Reserves: Amounts set aside out of profits. These are an appropriation of profits or accumulated profits.
Revenue Expenditure: The amount spent on the running of a business.
Revenue Receipts: The amounts received in the normal and regular course of business mainly by sale of goods and services.
Revenue Reserves: Reserves created out of revenue profits and made available for dividend distribution, e.g., general reserve, debenture redemption reserve, etc.
S
Sales Book: It records the credit sales of goods dealt in by the firm.
Secret Reserve: A Secret Reserve is a reserve the existence and/or the amount of which is not disclosed in the Balance Sheet.
Source Document: It is an evidence in support of a transaction. It is also called supporting document or voucher and is the first record prepared for a business transaction.
Specific Reserve: Reserve created for a specific purpose and. which is used for that purpose only, e.g., dividend equalization reserve, development rebate reserve, etc.
Statement of Affairs is just like a Balance Sheet. Assets are shown on the right-hand side and liabilities are shown on the left-hand side.

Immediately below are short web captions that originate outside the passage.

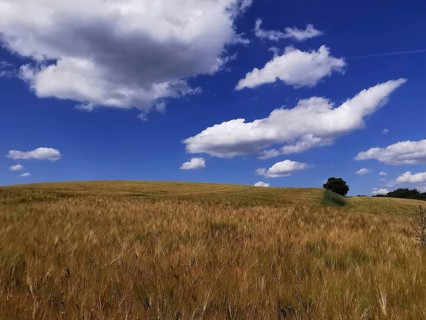 A wide field under a sky with white clouds and a blue background
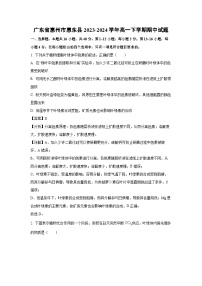 广东省惠州市惠东县2023-2024学年高一下学期期中生物试卷（解析版）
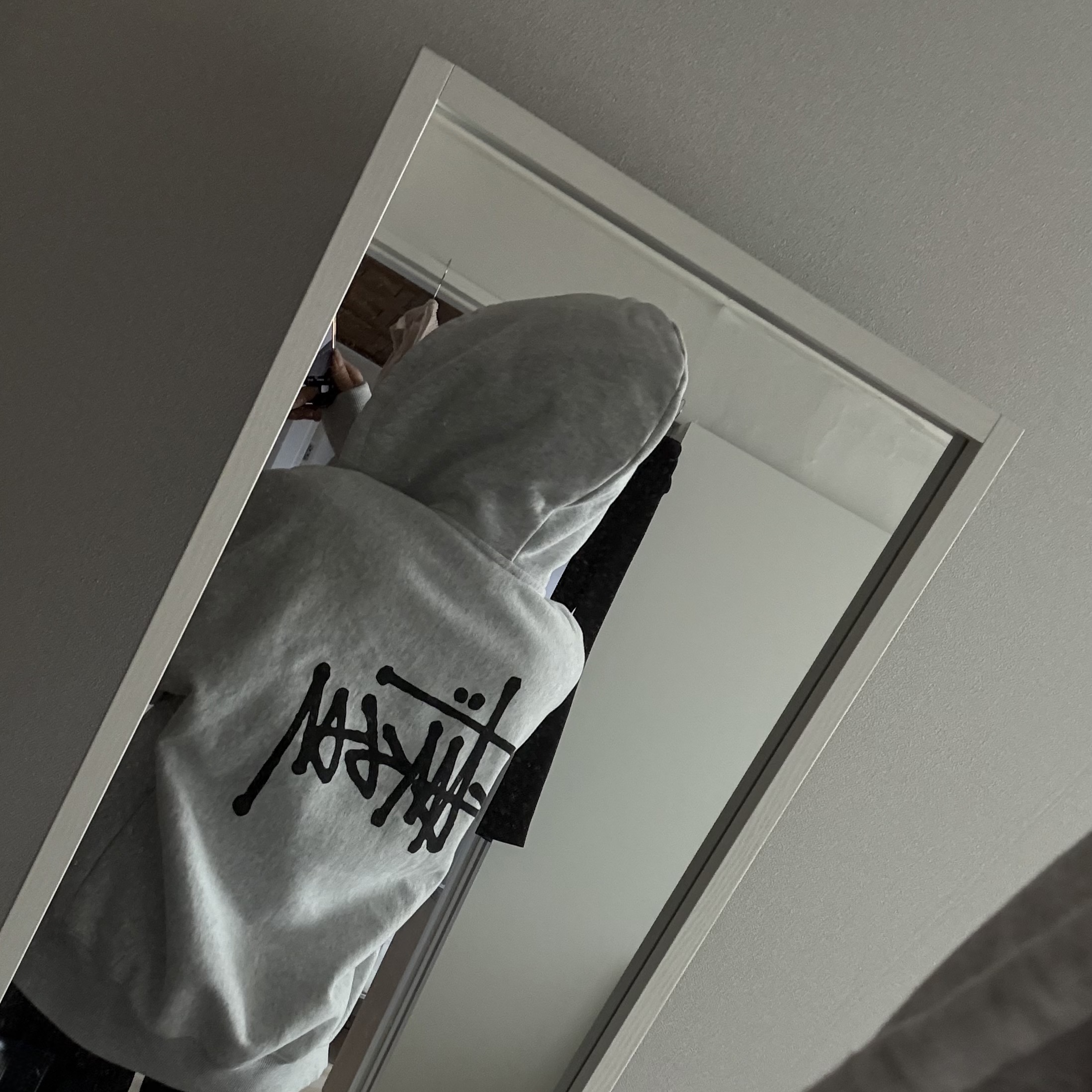 Stussy Basic Stussy Zip Hoodie Ash Heather 착용 스타일 - 2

Straight Line Method: Under this method, a fixed percentage of original cost is written off every year. It is also known as Fixed Percentage on Original Cost Method and Fixed instalment Method. The formula is as follows:
Cost — Estimated scrap value/Number of years of expected life
Subscriptions: It is the amount paid by the members of the Not-For-Profit Organisation periodically so that their membership remains alive. It is a source of income of the Not-For-Profit Organisation.
Suspense Account: It is an account to which the difference in the Trial Balance is put temporarily.
T
Tailor-made Software: A software developed for a specific user.
Tenor or Tenure of Bills: The period between the date on which a bill is drawn and that on which it becomes due.
The Accounting Entity Assumption: It holds that an entity is separate and distinct from its owners. It is applicable to all types of business.
The Accounting Period Assumption: For reporting purposes, the entire life of a firm is divided into time-intervals. In accounting, these intervals are known as Accounting Periods, Usually, it is one year.
The Cost Principle: It holds that expenses be recognized when assets or services have been used to produce revenue during a period and not when cash is paid.
The Dual Aspect Principle: It holds that every transaction has a two-sided or double effect, i.e., debit and credit.
The Matching Principle: The principle provides the guidelines to match expense with revenue. For this, first the revenue should be recognized, and then costs associated with these revenues should be recognized.
The Revenue Principle: Also known as Realisation Principle. It holds that revenue is on the date when a transaction has been entered into and not when cash has been received.
Trade Bill: A bill of exchange drawn and accepted for a trade transaction.
Trade Discount: Discount which is •allowed when a customer purchases goods above a certain quantity or certain price.
Trading Account: A part of financial statements prepared to ascertain gross profit of loss during an accounting year.
Transaction: A financial happening that affects the financial position of the busine. It may be a cash or a credit transaction.
Trial Balance: A statement prepared to show separately the debit and credit balances in each account.
Two-sided Errors: The errors that affect both the accounts involved.
U
Utility Programs: A set of programs used to perform supporting operations.
V
Vertical Presentation of Financial Statement: It is a system of presentation of information in trading, profit and loss account and balance sheet in which items relating to income or gains and expenses or losses and assets and liabilities are placed one after another.
W
Written Down Value Method: Under this method, depreciation is charged at fixed rate on the reducing balance, i.e., cost less depreciation.